**TASK TO COMPLETE:** Reproduce the material below only from the line with "injection-stretch blow molding" to the line with "Used Audi A5", both included, keeping each line exact and dropping the pictures.

**MATERIAL TO PROCESS:**
====

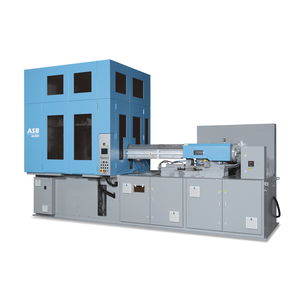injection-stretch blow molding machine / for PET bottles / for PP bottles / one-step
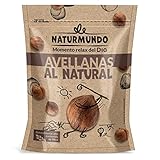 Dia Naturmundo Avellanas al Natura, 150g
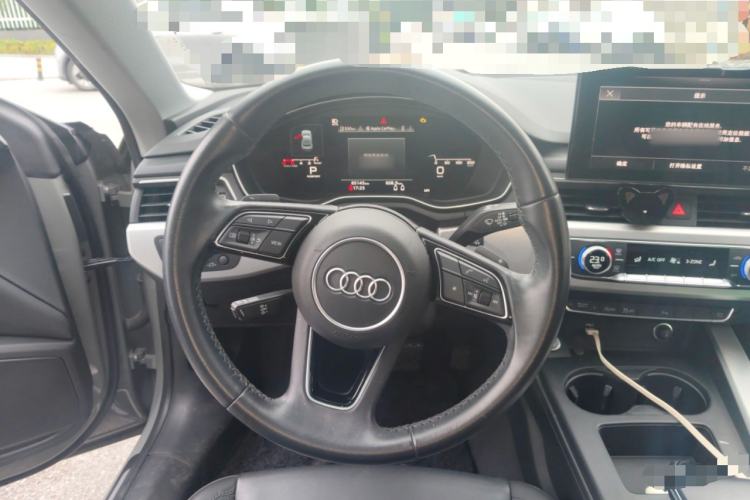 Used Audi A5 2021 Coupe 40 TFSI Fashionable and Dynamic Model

====

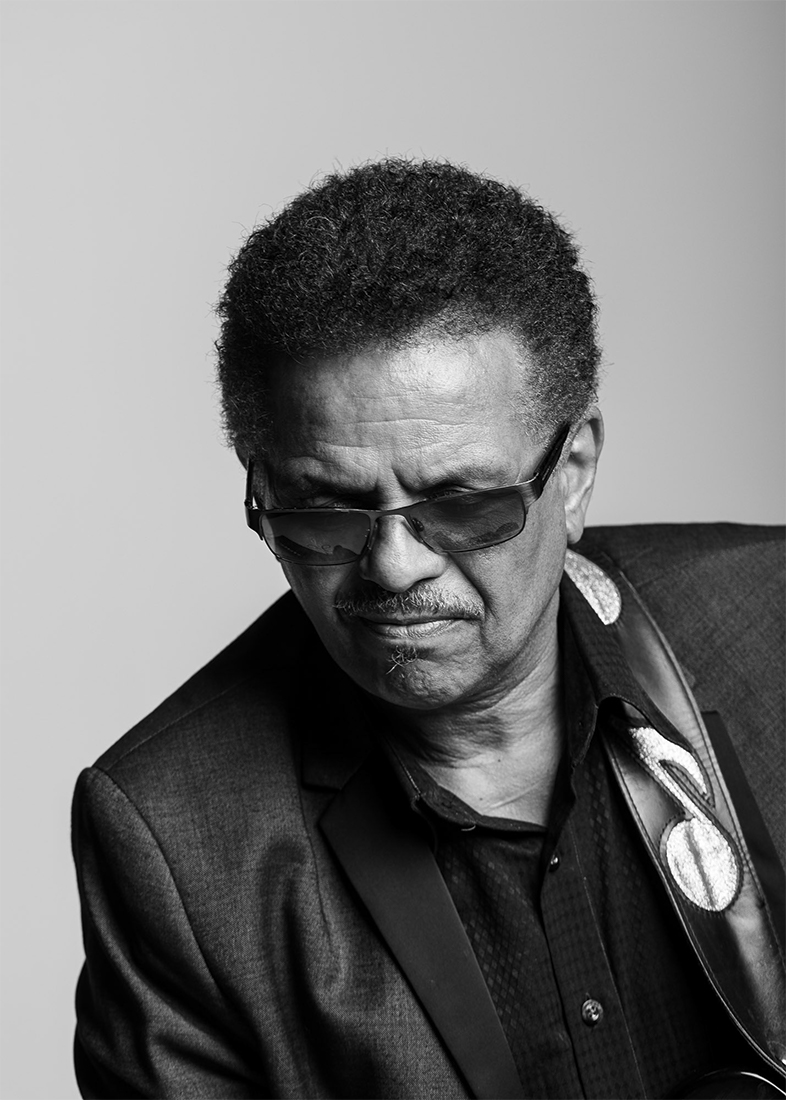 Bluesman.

====

**RESPONSE TO THE EXERCISE:**
injection-stretch blow molding machine / for PET bottles / for PP bottles / one-step
 Dia Naturmundo Avellanas al Natura, 150g
 Used Audi A5 2021 Coupe 40 TFSI Fashionable and Dynamic Model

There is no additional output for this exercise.